"We just thought that's where he plays the best," Collins said of Duda. "He's excited about being back over there, which I think is a very positive thing. Dan wants to play second -- he's happy he's going back to second. We'll just see if it transforms into a productive lineup."
That alignment allowed the Mets to give Kirk Nieuwenhuis and Juan Lagares simultaneous playing time in left and center field, respectively, all while keeping right fielder Marlon Byrd's hot bat in the lineup.
As recently as last week, Collins said he would not consider moving Duda to first. But Jordany Valdespin's unsuccessful run as the everyday second baseman prompted the manager to change his mind.
"You're allowed to change," Collins said. "There's nothing etched in stone. You're allowed to make changes and you're allowed to make decisions that you think are in the best interests of the ballclub. Last week, we made decisions we thought were in the best interests of the club. They didn't work. So as I ask our players to adjust, I've got to do the same thing. I've got to make some changes."
A college first baseman, Duda did not begin playing the outfield regularly until his first professional season in 2007. He did not become a full-time outfielder until 2011, taking over in right after the Mets traded Carlos Beltran.
Since then, Duda has spent countless hours working to improve his outfield play, which most scouts still classify as decidedly below-average.

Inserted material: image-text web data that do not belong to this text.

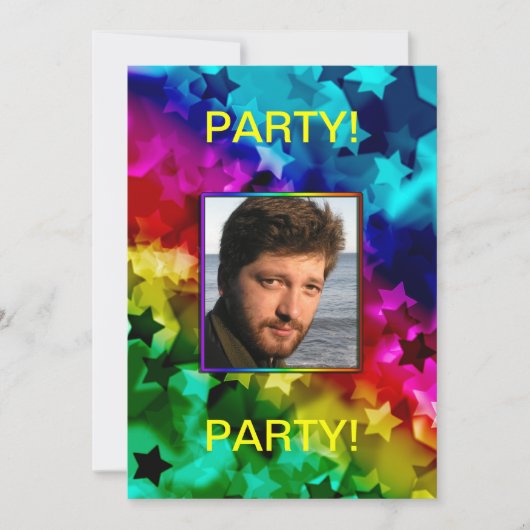Fotoparty Uitnodiging voor Superstar. (Voorkant)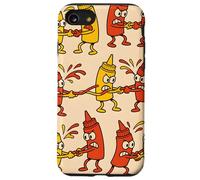 Ketchup vs Mustard Cartoon Tug-of-War Pattern Coque pour iPhone SE (2020) / 7/8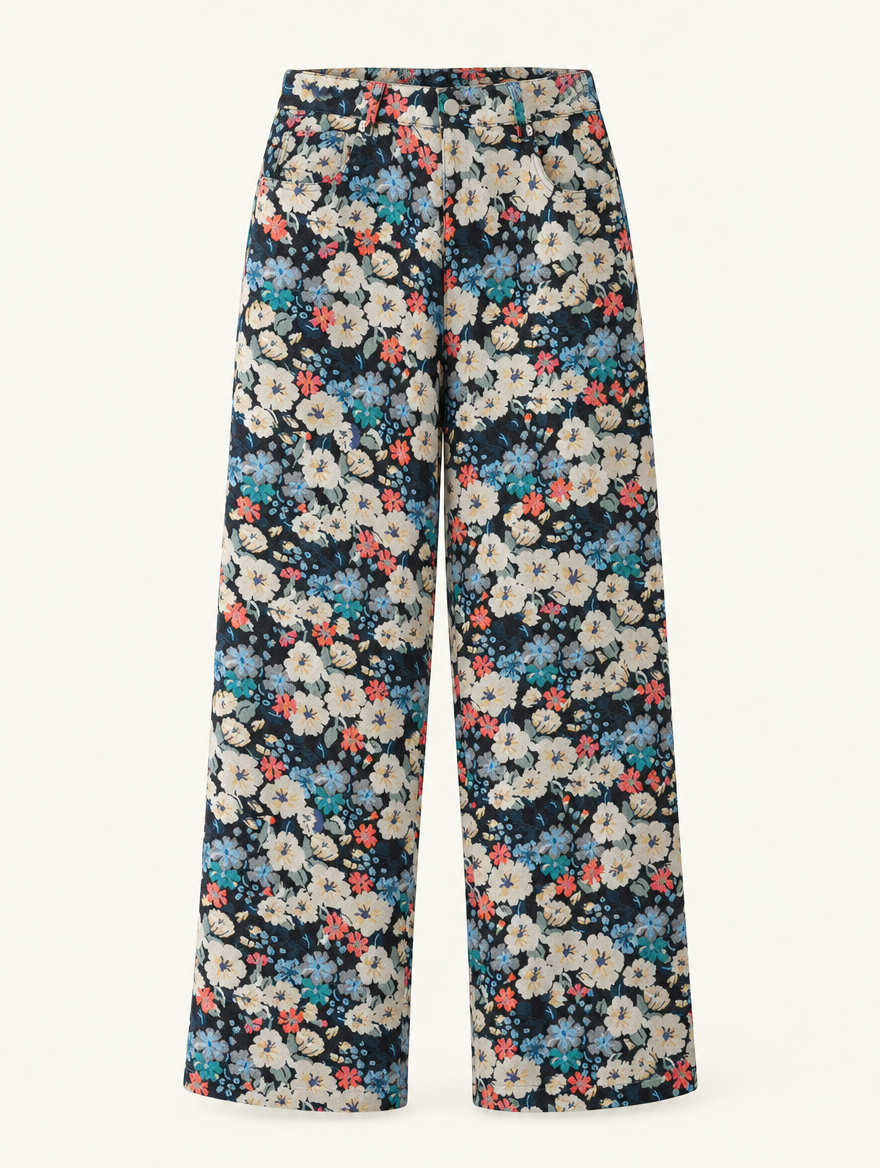 YUSHE High-Rise Printed Pants, Blue Floral Motif - Main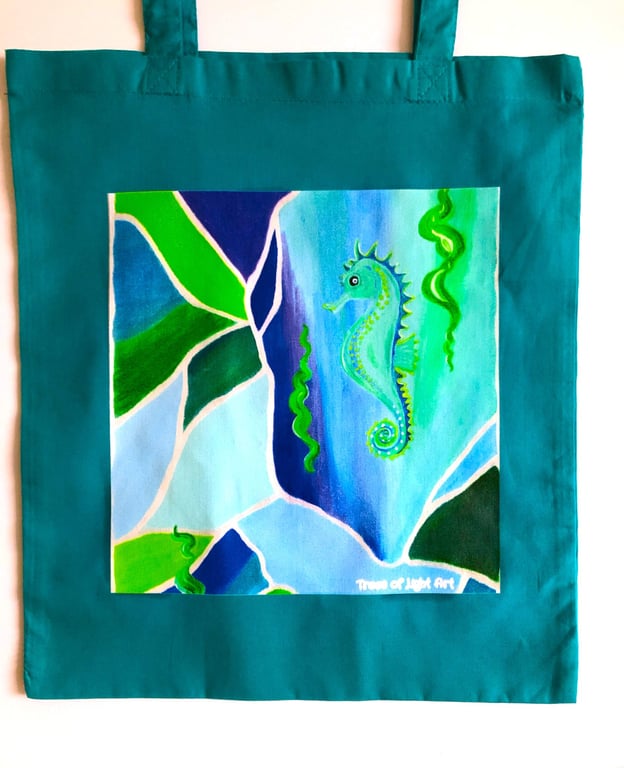 Joyous Tote bag. Fabulous colour tote. Seahorse print on jade green tote bag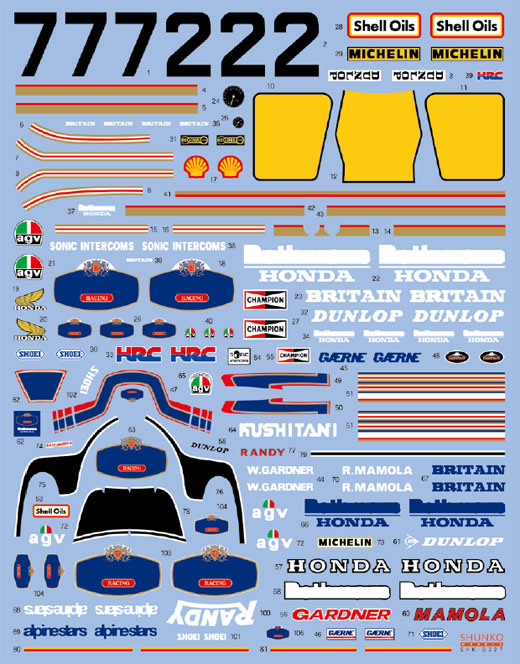 SHUNKO MODELS シュンコウ SHK-D227 1/12 ホンダ NS500＆ライダー 1985 デカールセット タミヤ対応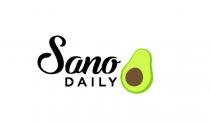 SANO in carattere di fantasia sotto cui è posta la dicitura DAILY unito a figura stilizzata di avocado aperto di SANO in carattere di fantasia sotto cui è posta la dicitura DAILY unito a figura stilizzata di avocado aperto di colore verde e marrone SANO in carattere di fantasia sotto cui è posta la dicitura DAILY unito a figura stilizzata di avocado aperto di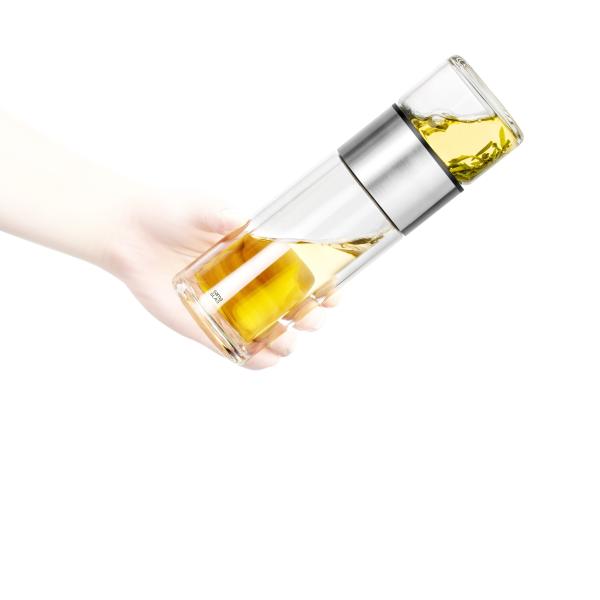 Handheld Double Wall Glass Tea Infuser Thermo Water Flask Customized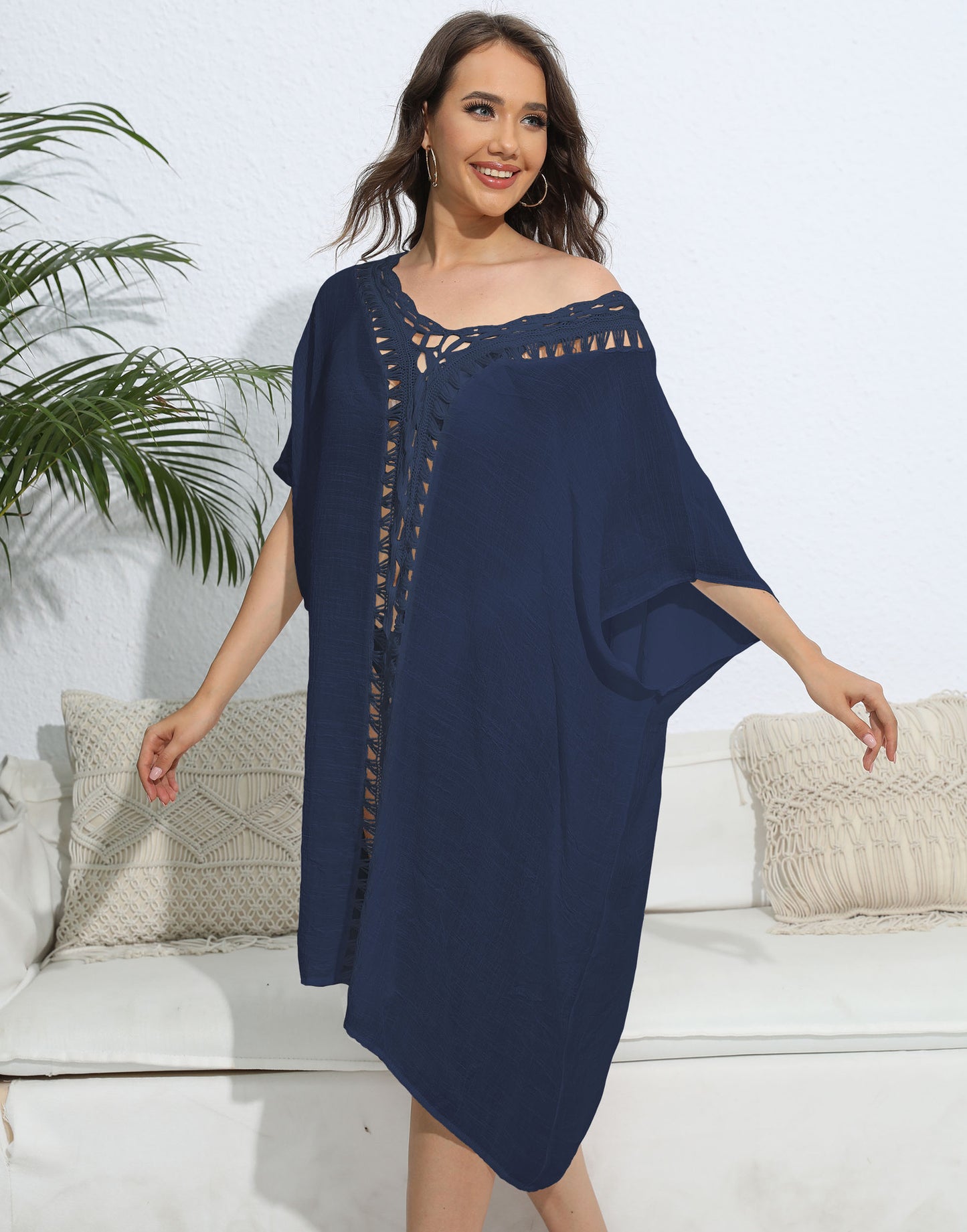 Robe ample à coutures au crochet pour femme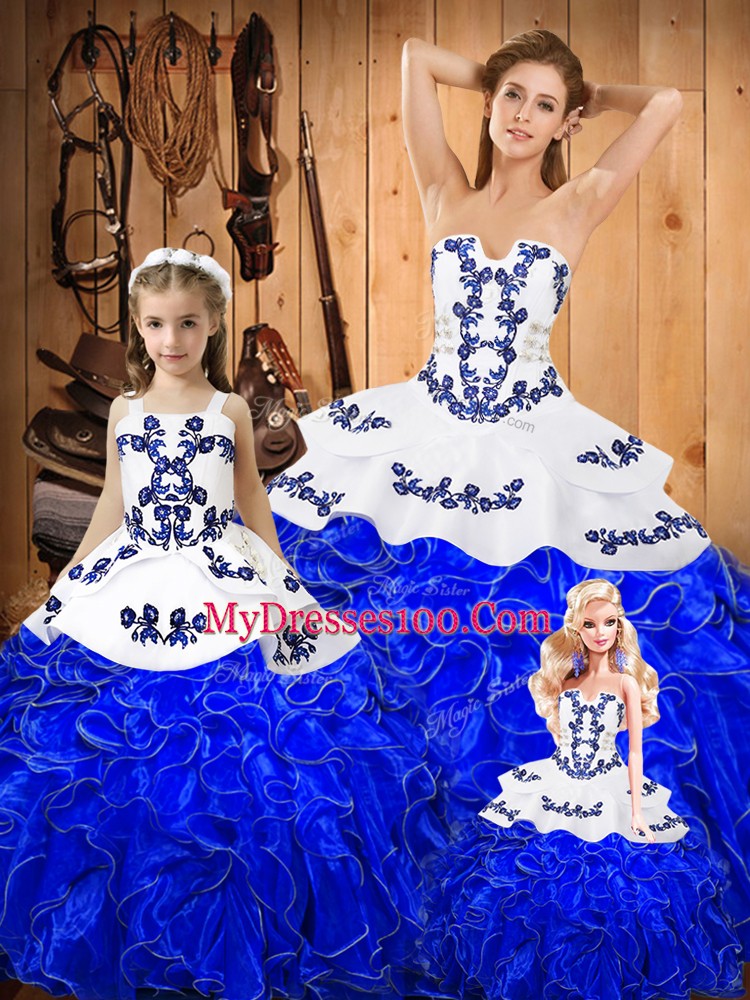 Tulle Strapless Sleeveless Lace Up Embroidery and Ruffles Sweet 16 Quinceanera Dress in Royal Blue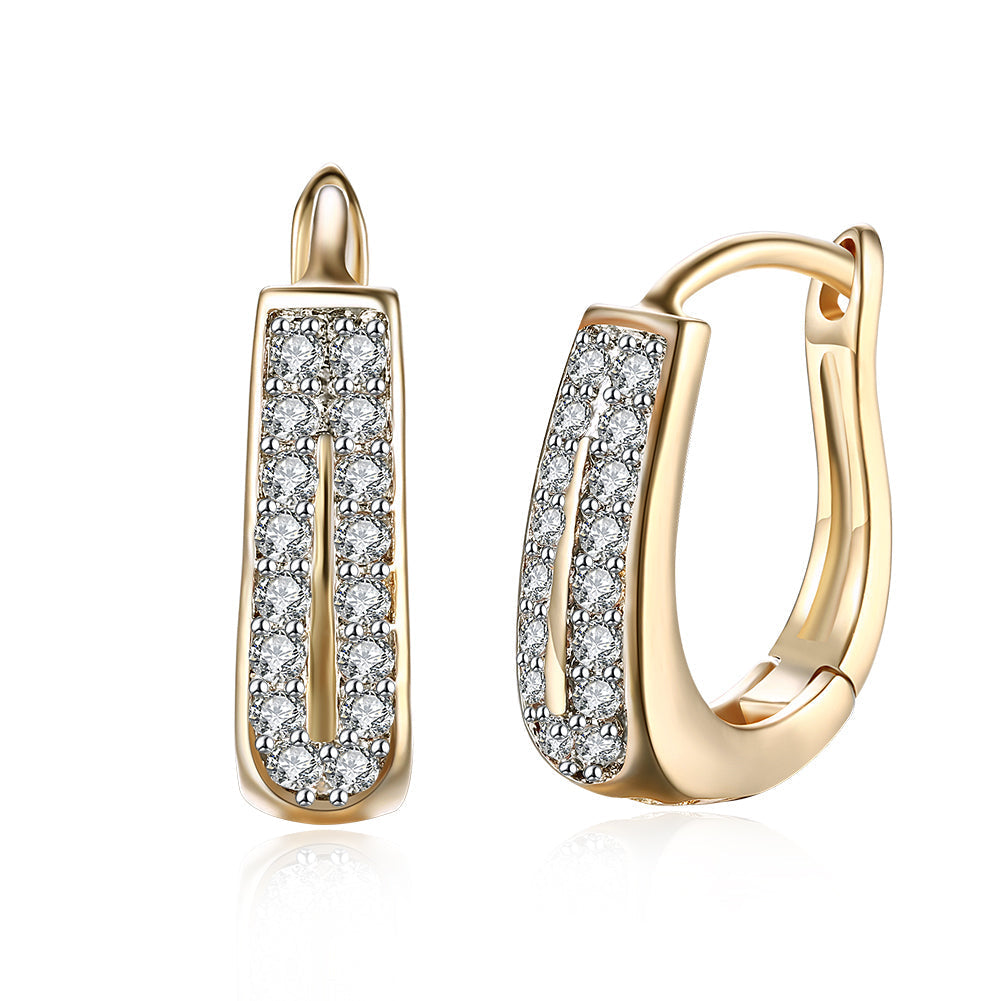 0.60" Double Row Huggie Earring in 18K Gold Plated-0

At first base, the Mets hope that not only can Duda's defense become an asset, but that the assignment will also allow him to concentrate more fully on his hitting.
The catch? Putting Duda at first base may seem like something of a slight to Ike Davis, who has struggled since his demotion to Triple-A Las Vegas. But Collins said that once Davis returns, Duda will simply shift back to left.
"Obviously, I know it's Ike's position," Duda said. "I'm just there to help out the team anyway I can. I don't really feel like there's any awkwardness."